Please restate all of the records word for word, setting the pictures aside.

Stored items:
------------------------------------------------
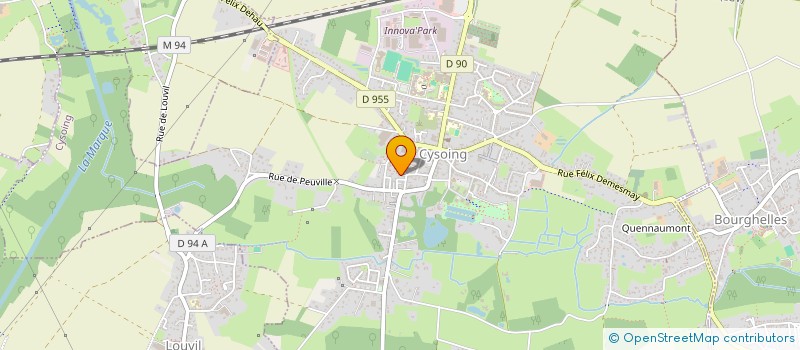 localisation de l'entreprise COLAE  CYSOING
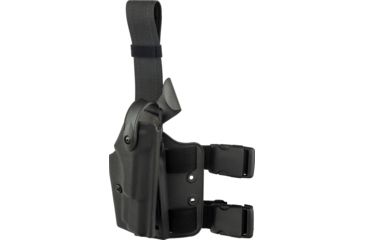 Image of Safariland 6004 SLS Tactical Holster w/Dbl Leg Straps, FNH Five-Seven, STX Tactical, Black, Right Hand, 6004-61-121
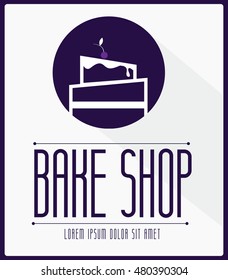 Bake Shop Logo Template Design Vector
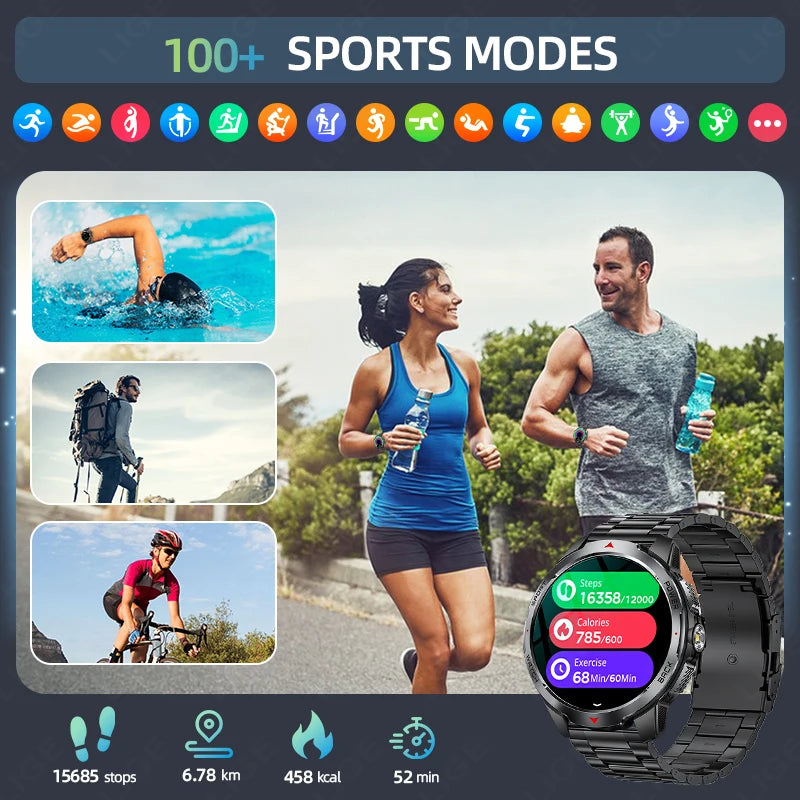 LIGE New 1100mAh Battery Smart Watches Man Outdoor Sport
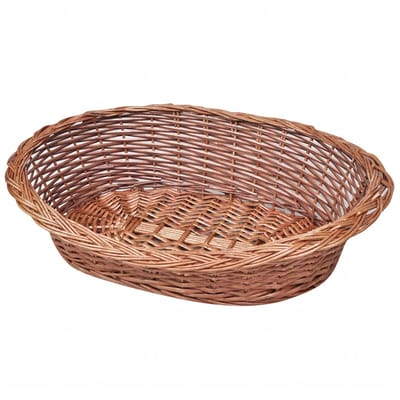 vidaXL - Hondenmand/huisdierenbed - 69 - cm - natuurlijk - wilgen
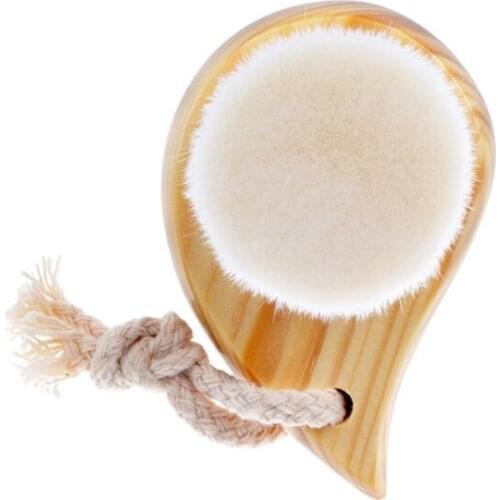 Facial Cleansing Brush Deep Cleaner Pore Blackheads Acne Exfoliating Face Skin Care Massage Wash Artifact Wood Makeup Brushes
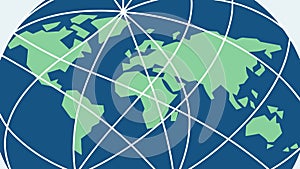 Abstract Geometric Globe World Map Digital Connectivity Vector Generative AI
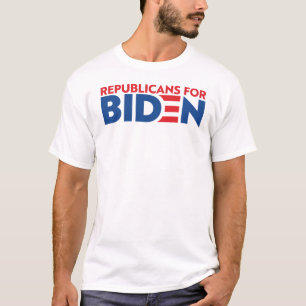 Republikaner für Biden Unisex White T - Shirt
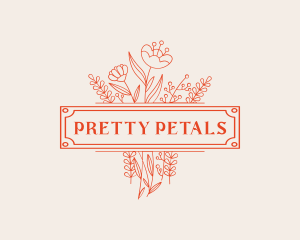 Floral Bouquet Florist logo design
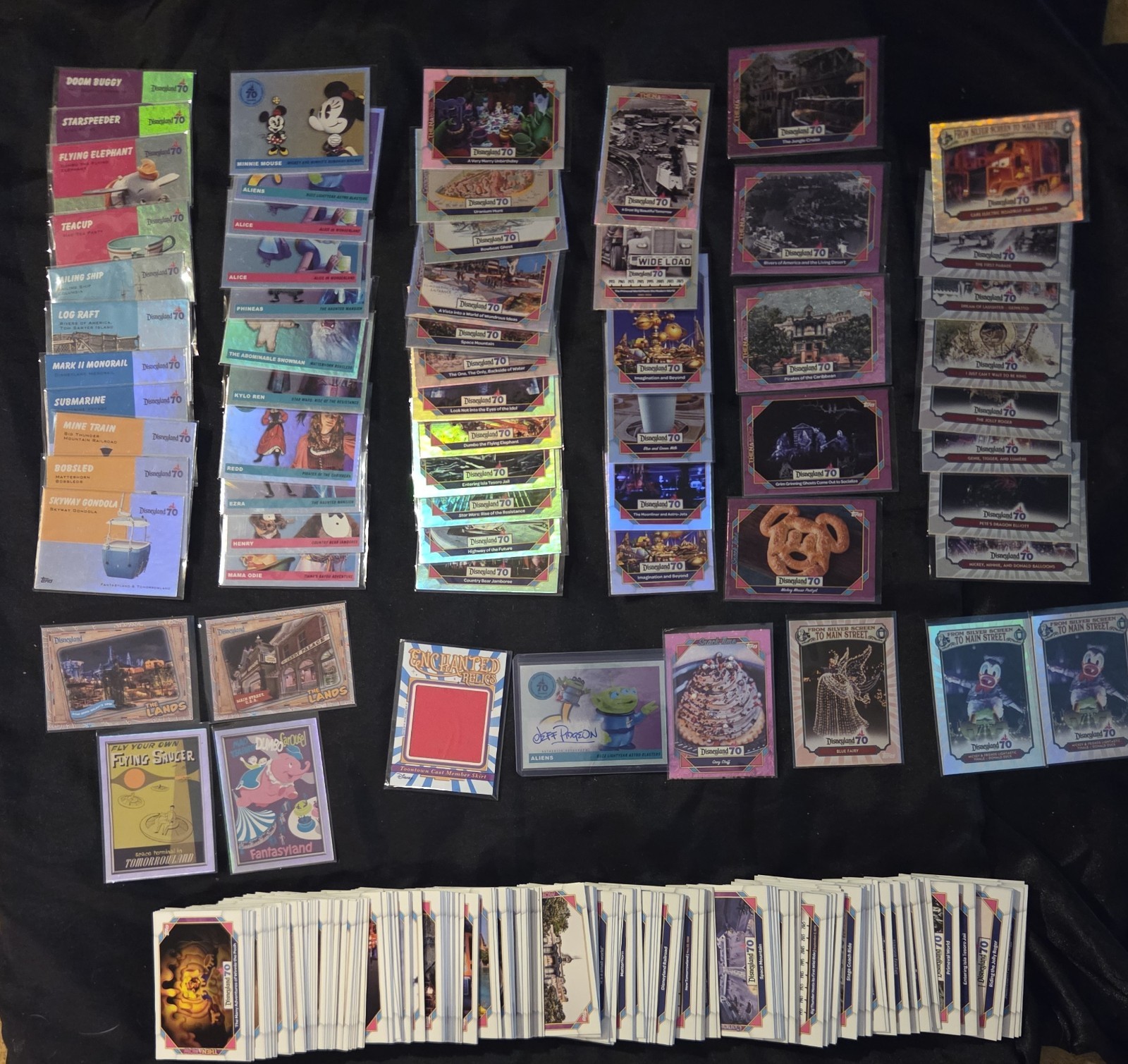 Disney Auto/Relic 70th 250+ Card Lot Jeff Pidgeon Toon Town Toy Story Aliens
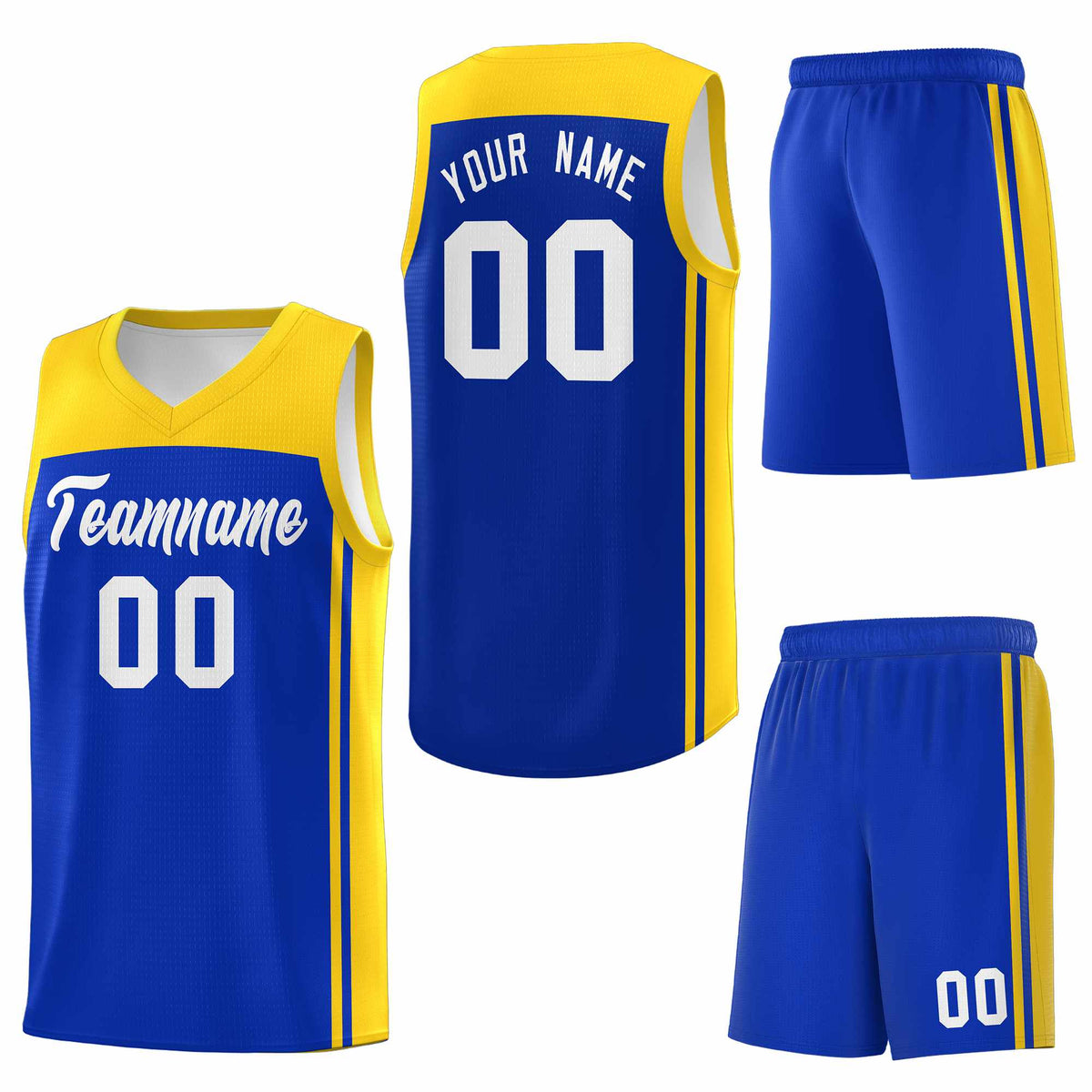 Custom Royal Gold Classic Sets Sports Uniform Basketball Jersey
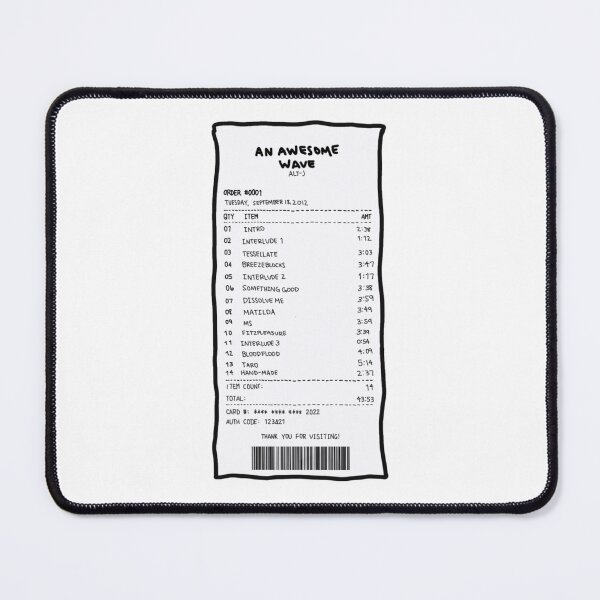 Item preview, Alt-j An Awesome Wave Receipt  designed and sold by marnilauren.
------------------------------------------------
• [Answer to this task]:
 localisation de l'entreprise COLAE  CYSOING
 Image of Safariland 6004 SLS Tactical Holster w/Dbl Leg Straps, FNH Five-Seven, STX Tactical, Black, Right Hand, 6004-61-121
 Bake Shop Logo Template Design Vector
 LIGE New 1100mAh Battery Smart Watches Man Outdoor Sport
 vidaXL - Hondenmand/huisdierenbed - 69 - cm - natuurlijk - wilgen
 Facial Cleansing Brush Deep Cleaner Pore Blackheads Acne Exfoliating Face Skin Care Massage Wash Artifact Wood Makeup Brushes
 Abstract Geometric Globe World Map Digital Connectivity Vector Generative AI
 Republikaner für Biden Unisex White T - Shirt
 Floral Bouquet Florist logo design
 Disney Auto/Relic 70th 250+ Card Lot Jeff Pidgeon Toon Town Toy Story Aliens
 Custom Royal Gold Classic Sets Sports Uniform Basketball Jersey
 Item preview, Alt-j An Awesome Wave Receipt  designed and sold by marnilauren.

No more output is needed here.